BIZCHINA> Review & Analysis
H shares can be a good option for forex reserve
By Yi Xianrong (China Daily)
Updated: 2008-11-28 14:32

As the world strives to survive the financial tsunami, how China uses its large amount of foreign reserves has been a focus of attention.

By September, China had owned $585 billion in US government bonds, becoming the largest creditor of the world's largest economy, according to the latest statistics from the Ministry of Finance. It bought new US national debts every month during this year's first three quarters.

In September alone, China bought an additional $43.6 billion of US treasury bonds, twice as much as that it held in the previous month.

As the international financial turmoil still evolves, the US government bonds seem to be a low-risk option for the world's largest developing country to invest its foreign reserves.

Since the outbreak of the US subprime crisis, the world's turbulent financial market has put China's more than $1.9-trillion foreign reserves at a high financial risk.
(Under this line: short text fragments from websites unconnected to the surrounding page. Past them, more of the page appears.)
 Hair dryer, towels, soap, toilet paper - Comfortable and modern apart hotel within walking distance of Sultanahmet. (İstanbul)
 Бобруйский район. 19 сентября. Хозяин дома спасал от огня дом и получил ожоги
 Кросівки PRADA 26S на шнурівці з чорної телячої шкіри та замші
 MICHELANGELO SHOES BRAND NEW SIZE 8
Some domestic scholars and economists have become increasingly vocal arguing that the country should not hold such a large amount of US government bonds to avoid any possibility that our people may pay for a subprime crisis in the US.

There surely are some reasons for such worries. But the question is: can China find a safer investment destination for its foreign reserves in the current international financial market with a lower risk but a higher return? The answer is no.
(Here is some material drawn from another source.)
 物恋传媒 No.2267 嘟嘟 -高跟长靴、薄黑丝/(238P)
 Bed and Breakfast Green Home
On the contrary, it turned out that with a large portion of its foreign reserve flowing to low-risk US government bonds, China has successfully minimized the impacts of the ongoing financial crisis upon its own financial structure and the economy as a whole.

It is true that the unstable international financial situations do expose China's investment in the US, either its dollar-holding foreign reserves or American equity products bought by its Chinese financial bodies, to a certain risk of wealth shrinkage.
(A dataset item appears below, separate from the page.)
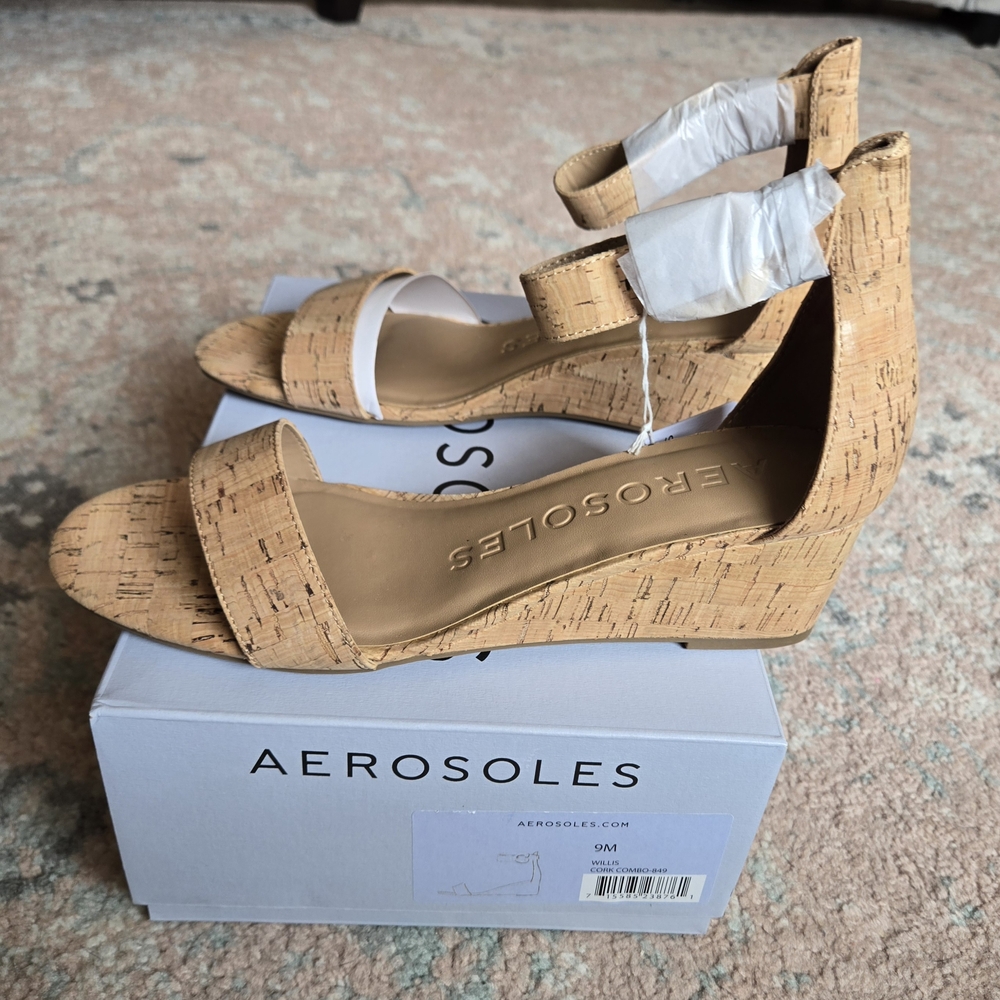 Aerosoles Tan Women's Sandals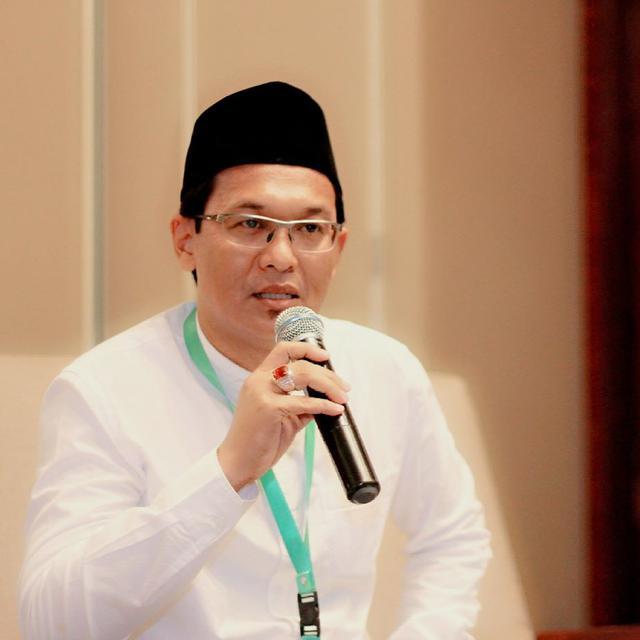 Tak Terima Foto Istrinya DIsandingkan Dengan Foto UAS, Kyai Muda Ini Angkat Bicara!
Some propose the country shift its enormous foreign reserve investment to Europe to evade possible financial risks caused by its excessive concentration in the US market. Then raises another problem: in which areas can the country invest in the European markets and whether the European continent can remain immune to the catastrophic financial sandstorm that first broke out in the world's most powerful economy?

As a matter of fact, another ideal destination for China to use its foreign reserves is back in Hong Kong's H-share market. After experiencing the latest round of price decline, a number of stocks in the H-share market have already had no space for a further tumble. Take China Southern Airlines, China Eastern Airlines, and China Aluminum. All the shares of these enterprises are now at a reasonable price level after suffering a steep fall in recent months.

That has not only dealt a severe blow to the confidence of overseas investors in the H-share market, but has also deprived these Hong Kong-listed enterprises of a further financing function.

If the central government uses its strong capital reservoir to buy these enterprises' stocks, the dented investor confidence in them would be substantively elevated, which would help regain their lost financing functions. As leading enterprises in relevant domestic industries, these companies have long served as the backbone and pillar of our national economy.

Not only listed in Hong Kong, these firms are also listed in Shanghai's A-share bourse and act as the market's weighted shares. Shifting part of the country's foreign reserves to H-shares is also expected to restore investor confidence in the whole domestic stock market if it performs well in more mature Hong Kong capital market. That will influence to some degree the trend of stocks in the A-share market.

The flow of the country's foreign reserve to H shares will also help investors regain confidence in Hong Kong's stock market.

Over the past year, stock prices in the region have experienced drastic fluctuations, with its Hang Seng index falling to a little more than 10,000 points from last year's highest 31,000, or down by more than 60 percent. Considering domestic H-shares play an influential role in Hong Kong's stock market, the flow of the country's foreign reserves to H-shares will surely help retrieve investor confidence in Hang Seng's H-shares.

It is also because we have a better knowledge about the market compared with other risky or uncertain foreign stock markets.

It also means injecting new vitality into the future of the country's economy. Also, given its large scale, the flow of part of the country's huge foreign reserve to H-shares will not cause excessive speculations under the current well-developed financial monitoring system in Hong Kong.

The author is a researcher with the Institute of Finance and Banking under the Chinese Academy of Social Sciences.